Carranza has faced backlash from some Asian-American New Yorkers over various policy decisions — most notably, for his support of getting rid of the admissions test for specialized high schools in order to diversify those schools. Since a majority of admissions offers go to Asian students – 51% last school year — some Asian-American families believe scrapping the test would elbow their children out. Some feel Carranza and the mayor haven’t done enough to understand their concerns and have called for Carranza’s firing.
Carranza pushed back and said he’s “working hard to bridge the divide” with Asian-American families, and that he would welcome Liu’s help. Liu, who oversees the Senate’s New York City education committee, said he’s offered help “many times, but you’ve never taken me up on it.”
Later, Manhattan Sen. Robert Jackson, a Democrat, said he thought Carranza is an inclusive leader, and encouraged the chancellor to “hang in there,” and “listen to what people have to say.”
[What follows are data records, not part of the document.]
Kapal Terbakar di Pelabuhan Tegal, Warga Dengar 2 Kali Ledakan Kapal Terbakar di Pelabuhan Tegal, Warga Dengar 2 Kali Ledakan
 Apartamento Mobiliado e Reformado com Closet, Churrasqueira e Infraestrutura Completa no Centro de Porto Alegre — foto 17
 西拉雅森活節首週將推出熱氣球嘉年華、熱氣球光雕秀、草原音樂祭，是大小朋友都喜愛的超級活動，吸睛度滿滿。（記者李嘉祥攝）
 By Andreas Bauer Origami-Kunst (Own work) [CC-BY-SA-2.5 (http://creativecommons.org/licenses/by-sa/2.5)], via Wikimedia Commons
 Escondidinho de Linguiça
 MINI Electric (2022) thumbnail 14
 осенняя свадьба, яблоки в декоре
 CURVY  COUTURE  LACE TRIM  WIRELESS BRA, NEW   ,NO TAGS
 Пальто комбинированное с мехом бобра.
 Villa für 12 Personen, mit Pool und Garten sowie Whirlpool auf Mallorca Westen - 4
Carranza doubled down on his support for repealing Hecht-Calandra, the part of state education law that governs the specialized high school admissions test. Repealing that law would effectively allow the city to set admissions policies for its three largest specialized high schools.
“Get out of the school board business,” Carranza told the room of lawmakers. “You have bigger fish to fry.”
Liu, who doesn’t support the plan to repeal the law altogether, questioned why the city couldn’t change policies at its five other specialized high schools not named in Hecht-Calandra. Carranza said it wasn’t clear the law allows them to do so, and that those schools don’t want to be a “bifurcated” system of schools with and without the test.